Division of Genetics, Brigham and Women's Hospital, Boston, Massachusetts, USA.
Department of Medicine, Harvard Medical School, Boston, Massachusetts, USA.
Genet Med. 2018 Sep;20(9):936-941. doi: 10.1038/gim.2017.230. Epub 2018 Feb 1.
Over 150,000 variants have been reported to cause Mendelian disease in the medical literature. It is still difficult to leverage this knowledge base in clinical practice, as many reports lack strong statistical evidence or may include false associations. Clinical laboratories assess whether these variants (along with newly observed variants that are adjacent to these published ones) underlie clinical disorders.

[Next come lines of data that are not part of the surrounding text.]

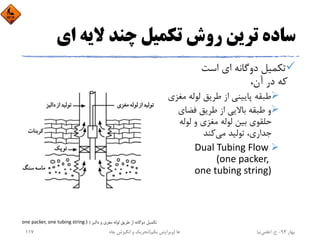 ‫اي‬ ‫ﻻﻳﻪ‬ ‫ﭼﻨﺪ‬ ‫ﺗﻜﻤﻴﻞ‬ ‫روش‬ ‫ﺗﺮﻳﻦ‬ ‫ﺳﺎده‬
‫اﺳﺖ‬ ‫اي‬ ‫دوﮔﺎﻧﻪ‬ ‫ﺗﻜﻤﻴﻞ‬
،‫آن‬ ‫در‬ ‫ﻛﻪ‬
‫ﻣ‬ ‫ﻟﻮﻟﻪ‬ ‫ﻃﺮﻳﻖ‬ ‫از‬ ‫ﭘﺎﻳﻴﻨﻲ‬ ‫ﻃﺒﻘﻪ‬‫ﻐﺰي‬
‫ﻓﻀﺎي‬ ‫ﻃﺮﻳﻖ‬ ‫از‬ ‫ﺑﺎﻻﻳﻲ‬ ‫ﻃﺒﻘﻪ‬ ‫و‬
‫ﻟﻮﻟﻪ‬ ‫و‬ ‫ﻣﻐﺰي‬ ‫ﻟﻮﻟﻪ‬ ‫ﺑﻴﻦ‬ ‫ﺣﻠﻘﻮي‬
‫ﻣﻲ‬ ‫ﺗﻮﻟﻴﺪ‬ ،‫ﺟﺪاري‬‫ﻛﻨﺪ‬
Dual Tubing Flow 
(one packer, 
one tubing string)
‫داﻟﻴﺰ‬ ‫و‬ ‫ﻣﻐﺰي‬ ‫ﻟﻮﻟﻪ‬ ‫ﻃﺮﻳﻖ‬ ‫از‬ ‫دوﮔﺎﻧﻪ‬ ‫ﺗﻜﻤﻴﻞ‬)one packer, one tubing string )
‫ﺑﻬﺎر‬94-‫ح‬.‫اﻋﻠﻤﻲ‬‫ﻧﻴﺎ‬‫ﭼﺎه‬ ‫اﻧﮕﻴﺰش‬ ‫و‬ ‫ﺗﺤﺮﻳﻚ‬ ‫ﻫﺎ‬)‫ﻳﻜﻢ‬ ‫وﻳﺮاﻳﺶ‬(117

We investigated whether citation data-including journal impact factor and the number of cited variants (NCV) in each gene with published disease associations-can be used to improve variant assessment.
Surprisingly, we found that impact factor is not predictive of pathogenicity, but the NCV score for each gene can provide statistical support for prediction of pathogenicity. When this gene-level citation metric is combined with variant-level evolutionary conservation and structural features, classification accuracy reaches 89.5%. Further, variants identified in clinical exome sequencing cases have higher NCVs than do simulated rare variants from the Exome Aggregation Consortium database within the same set of genes and functional consequences (P < 2.22 × 10).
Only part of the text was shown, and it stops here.